Zur politischen Perspektive:

Littering ist zunehmend ein Problem in den Großstädten, mittelgroßen Städten, Kleinstädten und Gemeinden. Wir wissen aus ganz aktuellen Studien, dass es vor allem von To-Go-Produkten kommt. 

Nur Anreize schaffen für Zwischenproduzent:innen, also Gastro oder Imbisse, hilft hier schlicht nicht. Wenn es nicht durch Ordungsrecht geklärt ist, ist bei den Zwischenproduzent:innen keine Bereitschaft da, auf Mehrweg umzusteigen, weil dies zu einer Wettberwerbsverzerrung führt. Denn Einweg ist immer noch billiger und außerdem ist der Verkauf aus Einweg schneller. Nur mit Anreizen haben wir das versucht, aber es hat sich kaum bis nichts getan. Das wissen wir aus den Jahren 2020 – 2021 bis zum IV. Quartal. Erst als klar war, dass ab 2022 die VPS greift und Abgaben zu leisten sind, dann, und erst dann haben ca. 60 Betriebe, davor waren es ca. 10 Betriebe, Anträge gestellt für Fördermaßnahmen zu Mehrweggeschirr und erst ab Januar 2022 hatten wir den sichtbaren Effekt des Rückgangs der Vermüllung unserer Stadt. Die Verwaltung hat berichtet. 
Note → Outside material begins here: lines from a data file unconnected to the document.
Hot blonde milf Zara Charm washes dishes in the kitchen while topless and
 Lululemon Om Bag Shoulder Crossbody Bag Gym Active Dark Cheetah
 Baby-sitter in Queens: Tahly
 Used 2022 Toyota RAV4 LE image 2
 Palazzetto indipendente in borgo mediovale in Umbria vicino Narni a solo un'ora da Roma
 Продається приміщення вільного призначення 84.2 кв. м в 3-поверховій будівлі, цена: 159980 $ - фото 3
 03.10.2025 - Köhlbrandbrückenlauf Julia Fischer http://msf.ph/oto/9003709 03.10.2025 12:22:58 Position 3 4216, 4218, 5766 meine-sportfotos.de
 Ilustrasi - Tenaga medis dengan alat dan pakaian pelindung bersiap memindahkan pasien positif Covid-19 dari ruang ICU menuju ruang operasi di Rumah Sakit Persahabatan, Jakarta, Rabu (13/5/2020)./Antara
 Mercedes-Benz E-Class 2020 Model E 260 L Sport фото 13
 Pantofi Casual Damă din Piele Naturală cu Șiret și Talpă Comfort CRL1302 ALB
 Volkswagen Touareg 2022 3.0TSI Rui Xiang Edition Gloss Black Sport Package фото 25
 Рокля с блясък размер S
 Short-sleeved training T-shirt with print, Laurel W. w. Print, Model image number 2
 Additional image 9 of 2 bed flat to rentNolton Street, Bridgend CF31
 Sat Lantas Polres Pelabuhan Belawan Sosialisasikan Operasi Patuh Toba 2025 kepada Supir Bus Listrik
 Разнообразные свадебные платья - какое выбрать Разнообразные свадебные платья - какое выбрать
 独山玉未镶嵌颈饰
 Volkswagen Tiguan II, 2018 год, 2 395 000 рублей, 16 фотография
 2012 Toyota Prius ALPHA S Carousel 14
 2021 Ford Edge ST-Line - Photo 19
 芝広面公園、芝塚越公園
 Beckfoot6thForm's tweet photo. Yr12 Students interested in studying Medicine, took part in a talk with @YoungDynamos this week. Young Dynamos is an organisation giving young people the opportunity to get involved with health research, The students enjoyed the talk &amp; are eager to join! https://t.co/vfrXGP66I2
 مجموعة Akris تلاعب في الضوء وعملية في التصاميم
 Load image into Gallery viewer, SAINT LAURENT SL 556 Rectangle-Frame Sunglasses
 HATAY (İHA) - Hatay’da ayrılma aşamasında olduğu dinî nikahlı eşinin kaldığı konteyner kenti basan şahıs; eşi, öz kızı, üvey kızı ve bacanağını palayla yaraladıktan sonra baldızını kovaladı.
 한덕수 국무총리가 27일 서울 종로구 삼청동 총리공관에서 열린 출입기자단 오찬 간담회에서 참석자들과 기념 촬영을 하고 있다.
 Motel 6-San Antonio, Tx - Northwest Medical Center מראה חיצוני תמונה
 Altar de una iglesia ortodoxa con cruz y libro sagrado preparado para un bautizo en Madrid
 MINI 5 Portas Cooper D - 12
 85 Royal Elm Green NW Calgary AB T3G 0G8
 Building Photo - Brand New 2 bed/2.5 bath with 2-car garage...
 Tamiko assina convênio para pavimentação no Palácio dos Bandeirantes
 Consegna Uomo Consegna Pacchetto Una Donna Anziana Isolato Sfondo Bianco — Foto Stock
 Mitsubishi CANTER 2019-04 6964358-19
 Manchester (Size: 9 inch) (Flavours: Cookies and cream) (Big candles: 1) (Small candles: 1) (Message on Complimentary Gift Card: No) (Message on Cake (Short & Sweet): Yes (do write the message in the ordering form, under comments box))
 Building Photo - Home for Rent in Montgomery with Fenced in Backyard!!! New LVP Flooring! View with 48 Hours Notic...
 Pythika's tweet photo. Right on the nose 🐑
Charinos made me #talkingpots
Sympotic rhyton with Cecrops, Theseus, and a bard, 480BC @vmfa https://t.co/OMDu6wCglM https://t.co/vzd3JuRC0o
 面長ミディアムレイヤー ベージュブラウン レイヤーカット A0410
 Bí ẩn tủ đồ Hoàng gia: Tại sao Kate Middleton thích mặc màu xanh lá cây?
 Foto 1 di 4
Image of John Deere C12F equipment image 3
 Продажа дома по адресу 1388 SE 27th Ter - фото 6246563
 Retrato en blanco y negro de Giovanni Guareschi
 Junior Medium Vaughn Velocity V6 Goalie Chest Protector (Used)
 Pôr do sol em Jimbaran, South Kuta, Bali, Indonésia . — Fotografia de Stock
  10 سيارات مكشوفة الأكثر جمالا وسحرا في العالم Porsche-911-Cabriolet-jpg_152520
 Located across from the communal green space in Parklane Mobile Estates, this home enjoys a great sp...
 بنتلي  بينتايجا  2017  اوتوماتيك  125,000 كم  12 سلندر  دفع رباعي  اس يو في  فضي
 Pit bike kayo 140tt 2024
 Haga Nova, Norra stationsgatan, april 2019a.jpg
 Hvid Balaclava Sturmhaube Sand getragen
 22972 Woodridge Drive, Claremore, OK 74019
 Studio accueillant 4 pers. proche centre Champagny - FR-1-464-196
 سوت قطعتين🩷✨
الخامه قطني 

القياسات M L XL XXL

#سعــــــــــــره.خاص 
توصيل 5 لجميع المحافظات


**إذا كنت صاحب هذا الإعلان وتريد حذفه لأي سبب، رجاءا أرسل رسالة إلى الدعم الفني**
Mittlerweile ist die VPS gut anerkannt. Viele Gastronomiebetriebe und Endkonsument:innen sehen die Sinnhaftigkeit der und die Lenkungswirkung ein. 

Außerdem hat die VPS in Tübingen mittlerweile einen Vorbild-Charakter. Andere Kommunen, der Städtetag und viele darüber hinaus schauen darauf, was hier passiert. Es wäre wünschenswert, dass viele andere Kommunen auch so eine Steuer einführen, wodurch wir dem Littering-Problem in Städten entgegenwirken könnten. 

Wir plädieren sehr stark für die weitere Erhebung der Verpackungssteuer. Die Vermeidung von Müll ist uns ein großes Anliegen. Kein einziger Schritt, der dem Klimaschutz dient, sollte verhindert werden.